Italy's president insisted on a visit to Germany Thursday that his country was neither "sick" nor posed a contagion risk to Europe through its post-election political deadlock.

"There's no Italy that has lost its direction. So there is no risk of contagion" as Europe battles a financial crisis, Giorgio Napolitano said.

For a country to be contagious it first had to be ill, the president added.

"We are not at all sick.
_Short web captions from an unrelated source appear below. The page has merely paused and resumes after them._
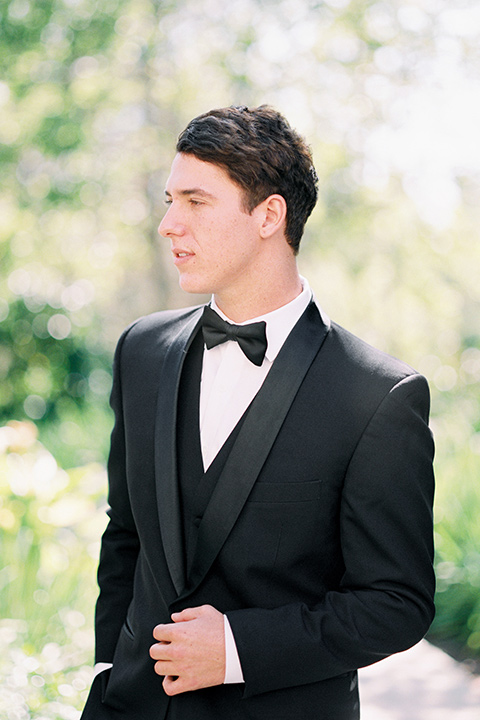  the groom in a black tuxedo and a black bow tie close up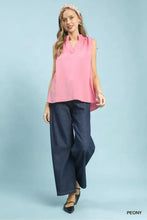 Pink umgee sleeveless textured notch neck blouse with soft flowing fabric and delicate ruffled neckline
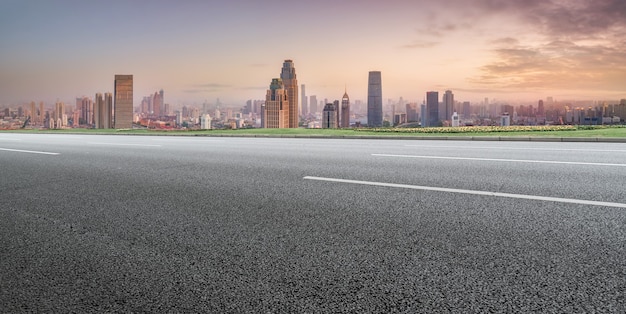 Panoramic skyline and empty asphalt road with modern buildings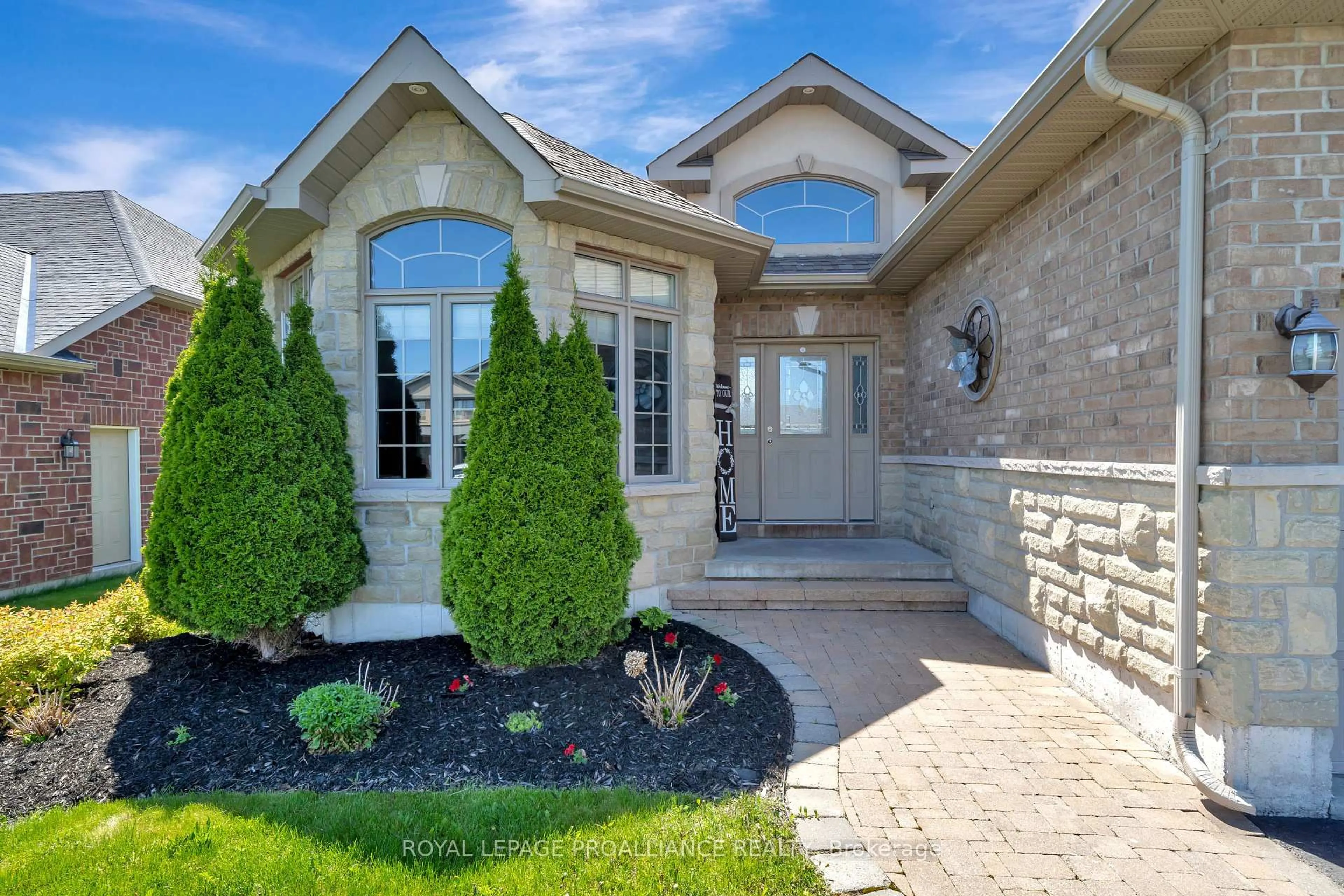 Home with brick exterior material, street for 24 Hampton Ridge Dr, Belleville Ontario K8N 0B2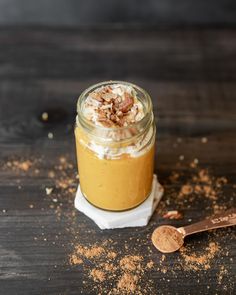 a jar filled with food sitting on top of a wooden table next to a spoon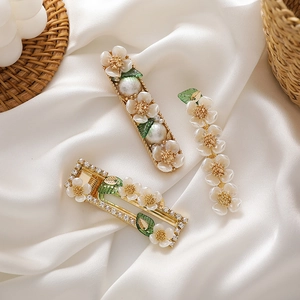 Three-piece floral hair clip set with white shell flowers and green leaves on gold base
We have a complicated election result," he told reporters.

Italy held an inconclusive general election this week that left it with no workable majority in parliament.

"I am sure that in the coming weeks an Italian government will be formed," Napolitano said and stressed the government of outgoing Prime Minister Mario Monti was still in office and would represent the country at an EU summit next month.

"I want to say something here clearly: Italy is currently not without a government," he said, standing beside German President Joachim Gauck with whom he had held talks.

He also described as "regrettable" a diplomatic spat which prompted him to cancel talks, set for late Wednesday, with a German opposition politician bidding to unseat Chancellor Angela Merkel in this year's general elections.

Peer Steinbrueck had called two of the candidates in Italy's elections "clowns".

The Italian president said he would have been pleased to talk with a member of Germany's opposition.

People were free to think what they wanted, but in this case, "balance" and "discretion" were called for, said the president.

"When one speaks about certain things with respect to another country, a friendly, allied country, and which concerns the result of free elections, then one must really be very balanced in one's choice of words and really show discretion as regards the relationship between two countries," he said.